§ **Problem**: Write down the listing again exactly as it appears below, without its pictures.

§ **Record extracts**:

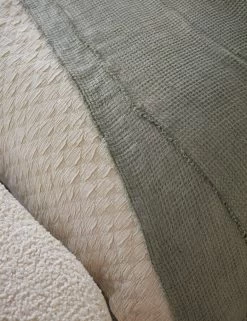 Venice Waffle Weave Throw By Pom Pom At Home 13 Venice Waffle Weave Throw By Pom Pom At Home -Furniture Store JME4155 SITECROP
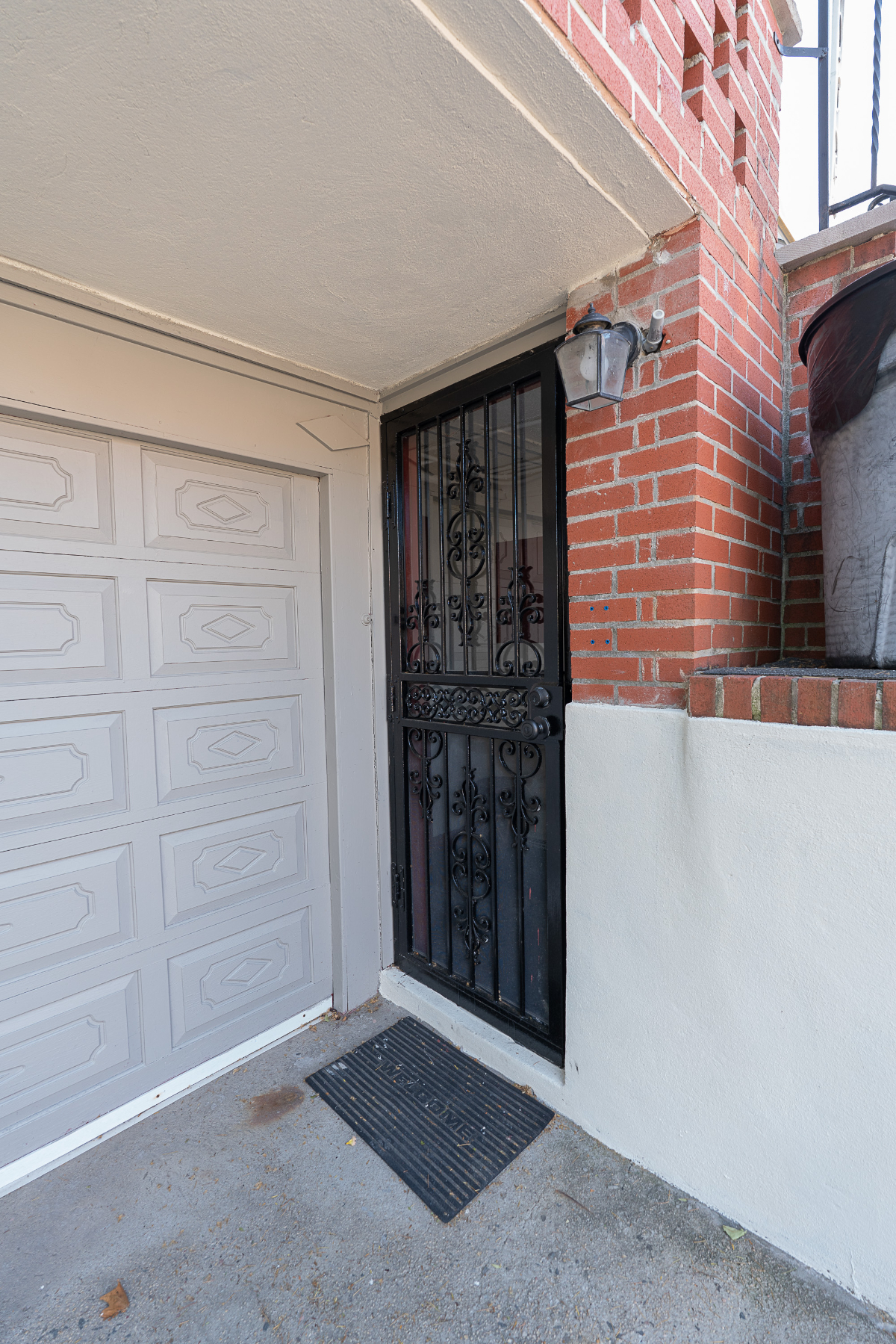Fully Furnished Brooklyn 1BR Near Hospitals & Transit - Photo 2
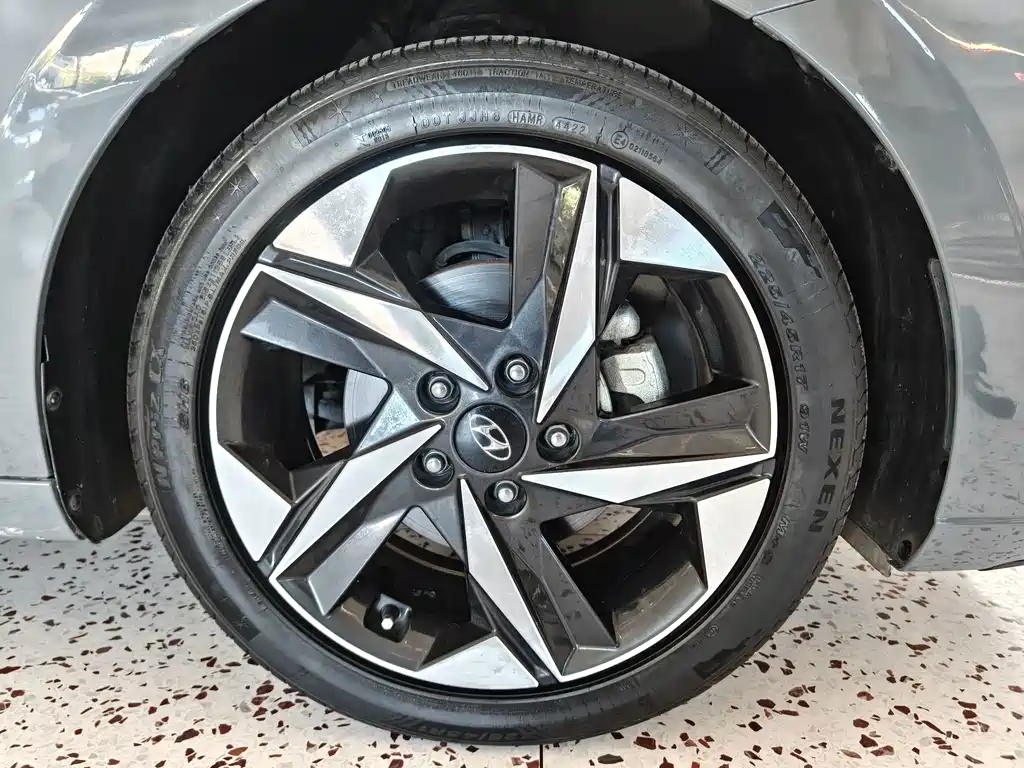 Hyundai Elantra — миниатюра 18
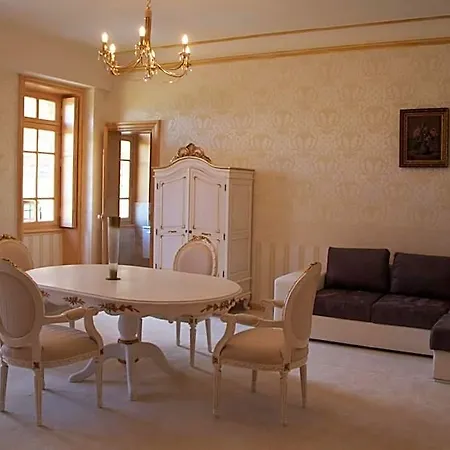 فندق Chateau De Beguin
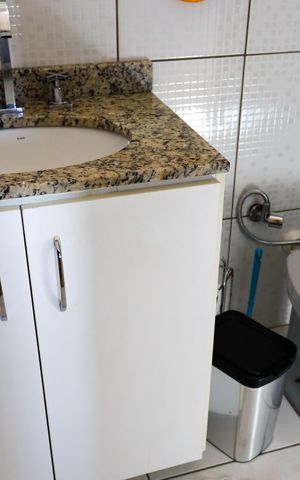 Casa à venda com 100m², 2 quartos e 3 vagasBanheiro
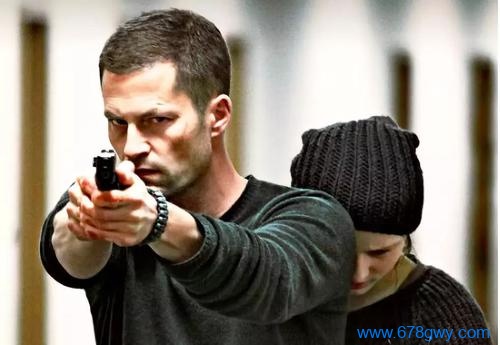 动作电影《孤胆保镖》解说文案及全剧下载 20220325160553-623de8615f035.jpg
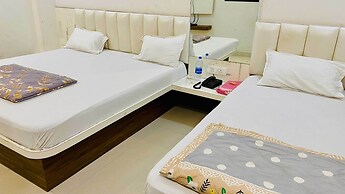 Hotel Gayatri Palace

§ **Written response**:
 Venice Waffle Weave Throw By Pom Pom At Home 13 Venice Waffle Weave Throw By Pom Pom At Home -Furniture Store JME4155 SITECROP
Fully Furnished Brooklyn 1BR Near Hospitals & Transit - Photo 2
 Hyundai Elantra — миниатюра 18
 فندق Chateau De Beguin
 Casa à venda com 100m², 2 quartos e 3 vagasBanheiro
 动作电影《孤胆保镖》解说文案及全剧下载 20220325160553-623de8615f035.jpg
 Hotel Gayatri Palace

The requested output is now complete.